Immune Complexes in Juvenile Idiopathic Arthritis

Terry L Moore 1,*
PMCID: PMC4873492  PMID: 27242784

Abstract

Juvenile idiopathic arthritis (JIA) reflects a group of clinically heterogeneous, autoimmune disorders in children characterized by chronic arthritis and hallmarked by elevated levels of circulating immune complexes (CICs) and associated complement activation by-products in their sera. Immune complexes (ICs) have been detected in patients’ sera with JIA utilizing a variety of methods, including the anti-human IgM affinity column, C1q solid-phase assay, polyethylene glycol precipitation, Staphylococcal Protein A separation method, anti-C1q/C3 affinity columns, and FcγRIII affinity method. As many as 75% of JIA patients have had IC detected in their sera. The CIC proteome in JIA patients has been examined to elucidate disease-associated proteins that are expressed in active disease. Evaluation of these ICs has shown the presence of multiple peptide fragments by SDS-PAGE and 2-DE. Subsequently, all isotypes of rheumatoid factor (RF), isotypes of anti-cyclic citrullinated peptide (CCP) antibodies, IgG, C1q, C4, C3, and the membrane attack complex (MAC) were detected in these IC. Complement activation and levels of IC correlate with disease activity in JIA, indicating their role in the pathophysiology of the disease. This review will summarize the existing literature and discuss the role of possible protein modification that participates in the generation of the immune response. We will address the possible role of these events in the development of ectopic germinal centers that become the secondary site of plasma cell development in JIA. We will further address possible therapeutic modalities that could be instituted as a result of the information gathered by the presence of ICs in JIA.

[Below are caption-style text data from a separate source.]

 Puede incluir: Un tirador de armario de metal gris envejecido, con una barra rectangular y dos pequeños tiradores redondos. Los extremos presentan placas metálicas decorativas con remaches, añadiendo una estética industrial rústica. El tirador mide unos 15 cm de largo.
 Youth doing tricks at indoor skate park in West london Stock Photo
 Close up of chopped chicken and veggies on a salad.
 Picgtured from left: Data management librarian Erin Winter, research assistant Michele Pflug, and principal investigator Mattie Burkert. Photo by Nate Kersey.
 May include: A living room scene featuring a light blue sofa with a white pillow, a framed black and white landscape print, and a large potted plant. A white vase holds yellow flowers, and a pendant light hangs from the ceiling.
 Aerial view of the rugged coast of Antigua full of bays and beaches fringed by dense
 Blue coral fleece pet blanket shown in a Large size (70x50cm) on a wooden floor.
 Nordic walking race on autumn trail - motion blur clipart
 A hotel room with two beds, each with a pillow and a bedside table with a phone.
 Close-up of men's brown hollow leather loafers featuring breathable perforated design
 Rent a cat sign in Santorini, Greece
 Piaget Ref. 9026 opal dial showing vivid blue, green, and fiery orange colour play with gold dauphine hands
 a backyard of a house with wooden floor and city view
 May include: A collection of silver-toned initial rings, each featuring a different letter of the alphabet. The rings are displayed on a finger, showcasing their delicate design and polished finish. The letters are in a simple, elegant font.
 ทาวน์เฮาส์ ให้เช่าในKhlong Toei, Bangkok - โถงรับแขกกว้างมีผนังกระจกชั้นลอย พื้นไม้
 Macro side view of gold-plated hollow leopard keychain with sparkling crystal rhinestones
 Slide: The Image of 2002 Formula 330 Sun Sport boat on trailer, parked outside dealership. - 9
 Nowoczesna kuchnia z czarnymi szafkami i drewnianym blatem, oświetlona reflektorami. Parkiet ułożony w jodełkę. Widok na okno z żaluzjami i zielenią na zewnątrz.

Keywords: immune complexes, juvenile idiopathic arthritis, rheumatoid factor, anti-CCP antibodies complement levels, affinity chromatography


Juvenile idiopathic arthritis (JIA) is a protean disorder, whose variable modes of onset and patterns of disease course are accompanied by a myriad of diverse signs, symptoms, and manifestations. It is defined by seven basic subgroups, of which polyarticular-onset rheumatoid factor (RF) positive and negative, oligoarticular-onset, and systemic-onset are the most common onset types (1). Most recent studies show many immune abnormalities characteristic of the disease (2).

Early Studies

Immune complexes (IC) have been described for many years in patients with JIA. Gabriel and Agnello first found IC in 40% of patients with JIA by the C1q inhibition test and in 24% by the monoclonal RF assay (3). Subsequently, Rossen et al., utilizing the C1q binding assay (C1qBA), reported IC in 22% of children with JIA and their presence correlated with more severe disease (4). Miller et al., using the C1qBA, found IC in 66% with systemic-onset, 38% in polyarticular-onset, but only 14% positive with oligoarticular-onset. This study indicated IC presence correlated with 19S IgM RF and activation products of complement, C3c and C3d in these patients with JIA (5). We, subsequently, assayed 53 children with JIA for IC by four different methods, C1q solid-phase assay (C1qSPA), 2% polyethylene glycol precipitation assay (PEGPA), Raji cell assay (RCA), and the conglutinin assay (KA). Seventy-nine percent of JIA patients demonstrated elevated IC levels by at least one method. By the C1qSPA, 58% were positive, 50% by the RCA, 37% by the KA, but 0% by the PEGPA method. The C1qSPA demonstrated the most elevated levels of IC in all three onset types. The elevated levels correlated with the presence of 19S IgM RF, hidden 19S IgM RF (complexes seen in JIA), and active disease. The correlation with disease activity indicated for the first time that IC may play an active role in the pathophysiology of JIA. The study, also, demonstrated that the C1qSPA was the best assay for measuring IC in the sera of JIA patients (6).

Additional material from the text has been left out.